On Behalf of | Sep 6, 2022 | Police Brutality

In New Jersey and other areas, police brutality continues to be a problem. Data show that many police officers have racial biases that put people of color at significant risk.

What the data show about police brutality and racism

Black people are at a particularly high risk of experiencing police brutality. Racial profiling has long been a problem for people of color. Excessive force continues to be a huge problem, with the death of George Floyd in 2020 bringing it to the forefront. Floyd, a Black man who was unarmed, died after a white police officer knelt on his neck for over nine minutes in spite of telling the officer that he couldn’t breathe.

Many other unnecessary deaths occurred before and after Floyd, showing that there is a link between police brutality and racism. People of color, even when they are only peacefully protesting such incidents, are more likely to be tear-gassed and pepper sprayed at close range.

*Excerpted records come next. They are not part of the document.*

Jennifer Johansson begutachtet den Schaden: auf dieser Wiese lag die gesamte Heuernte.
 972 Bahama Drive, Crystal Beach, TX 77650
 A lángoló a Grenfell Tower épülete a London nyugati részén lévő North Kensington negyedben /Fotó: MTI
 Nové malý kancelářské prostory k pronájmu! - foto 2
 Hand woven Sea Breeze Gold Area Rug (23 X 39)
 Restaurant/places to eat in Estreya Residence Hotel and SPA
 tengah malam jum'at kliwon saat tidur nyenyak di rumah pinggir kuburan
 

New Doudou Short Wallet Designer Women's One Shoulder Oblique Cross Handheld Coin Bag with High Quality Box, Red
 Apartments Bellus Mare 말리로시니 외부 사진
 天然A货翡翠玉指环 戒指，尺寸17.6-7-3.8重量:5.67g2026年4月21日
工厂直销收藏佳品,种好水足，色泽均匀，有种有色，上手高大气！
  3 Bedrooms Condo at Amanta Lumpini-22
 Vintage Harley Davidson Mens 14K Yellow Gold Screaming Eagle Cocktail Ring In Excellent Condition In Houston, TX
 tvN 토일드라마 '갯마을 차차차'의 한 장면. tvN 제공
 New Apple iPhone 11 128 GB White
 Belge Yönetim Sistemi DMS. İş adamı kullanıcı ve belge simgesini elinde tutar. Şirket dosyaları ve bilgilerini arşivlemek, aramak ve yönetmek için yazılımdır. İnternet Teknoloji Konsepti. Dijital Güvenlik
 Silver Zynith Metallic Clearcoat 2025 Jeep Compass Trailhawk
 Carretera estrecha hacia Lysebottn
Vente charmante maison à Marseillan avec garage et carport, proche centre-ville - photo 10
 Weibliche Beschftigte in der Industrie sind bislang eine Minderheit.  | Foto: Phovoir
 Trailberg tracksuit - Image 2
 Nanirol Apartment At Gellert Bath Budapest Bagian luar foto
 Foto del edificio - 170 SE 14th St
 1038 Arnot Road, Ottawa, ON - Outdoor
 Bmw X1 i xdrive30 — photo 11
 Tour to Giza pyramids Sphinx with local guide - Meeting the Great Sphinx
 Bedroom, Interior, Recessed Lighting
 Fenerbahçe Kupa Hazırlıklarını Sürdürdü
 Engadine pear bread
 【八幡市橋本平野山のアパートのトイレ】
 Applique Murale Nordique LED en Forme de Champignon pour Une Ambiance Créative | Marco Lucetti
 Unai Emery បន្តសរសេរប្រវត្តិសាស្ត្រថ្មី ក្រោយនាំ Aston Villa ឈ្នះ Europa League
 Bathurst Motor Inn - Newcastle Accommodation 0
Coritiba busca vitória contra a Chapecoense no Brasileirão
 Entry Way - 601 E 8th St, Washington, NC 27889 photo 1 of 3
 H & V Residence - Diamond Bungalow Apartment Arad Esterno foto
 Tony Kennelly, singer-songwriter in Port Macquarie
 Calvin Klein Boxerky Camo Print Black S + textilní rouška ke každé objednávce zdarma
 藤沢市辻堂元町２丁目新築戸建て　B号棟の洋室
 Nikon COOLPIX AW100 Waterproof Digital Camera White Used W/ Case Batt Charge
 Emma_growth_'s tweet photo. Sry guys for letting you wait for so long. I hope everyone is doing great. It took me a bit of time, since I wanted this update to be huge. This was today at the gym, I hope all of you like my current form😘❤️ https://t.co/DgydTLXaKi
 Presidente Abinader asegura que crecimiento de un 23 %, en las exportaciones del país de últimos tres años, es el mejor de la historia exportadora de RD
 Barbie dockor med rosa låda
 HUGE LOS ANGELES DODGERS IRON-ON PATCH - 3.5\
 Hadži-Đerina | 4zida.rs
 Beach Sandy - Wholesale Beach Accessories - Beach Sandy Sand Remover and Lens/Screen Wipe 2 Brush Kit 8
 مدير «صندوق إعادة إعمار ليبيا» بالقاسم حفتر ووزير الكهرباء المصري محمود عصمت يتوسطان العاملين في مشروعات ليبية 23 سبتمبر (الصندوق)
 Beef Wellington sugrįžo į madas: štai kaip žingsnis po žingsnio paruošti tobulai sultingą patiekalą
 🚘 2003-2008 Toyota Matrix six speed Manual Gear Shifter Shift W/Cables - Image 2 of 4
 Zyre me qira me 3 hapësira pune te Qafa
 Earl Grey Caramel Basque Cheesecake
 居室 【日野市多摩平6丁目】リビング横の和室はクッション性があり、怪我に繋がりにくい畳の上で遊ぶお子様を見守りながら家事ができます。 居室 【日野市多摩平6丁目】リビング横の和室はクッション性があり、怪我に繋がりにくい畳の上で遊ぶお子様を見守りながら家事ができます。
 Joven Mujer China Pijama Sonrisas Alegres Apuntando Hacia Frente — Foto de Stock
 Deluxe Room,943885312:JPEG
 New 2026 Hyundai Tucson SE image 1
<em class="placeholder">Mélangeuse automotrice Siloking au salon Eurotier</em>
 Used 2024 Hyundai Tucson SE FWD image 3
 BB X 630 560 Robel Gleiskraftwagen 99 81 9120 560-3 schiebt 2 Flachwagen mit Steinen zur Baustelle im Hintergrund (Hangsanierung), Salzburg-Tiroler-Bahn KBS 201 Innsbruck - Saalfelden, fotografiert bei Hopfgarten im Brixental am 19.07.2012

Data also show that when white police officers are dispatched to predominantly Black neighborhoods, they are five times more likely to fire their guns than Black officers in those neighborhoods. This is a prime example of excessive force and how people of color commonly experience a violation of their civil rights.

Possible reforms to combat the problem

Collecting data could help to hold police officers accountable when they violate a person’s civil rights through police brutality, excessive force and other ways. Body cams and the footage they capture could also help with proving accountability. They could also stop these incidents from occurring. Data determined that when police officers donned body cams, the likelihood they would use excessive force was reduced by around half.

Kids of color are more likely to commit crimes later in life if they are frequently stopped by police. Fewer police encounters could prevent such problems.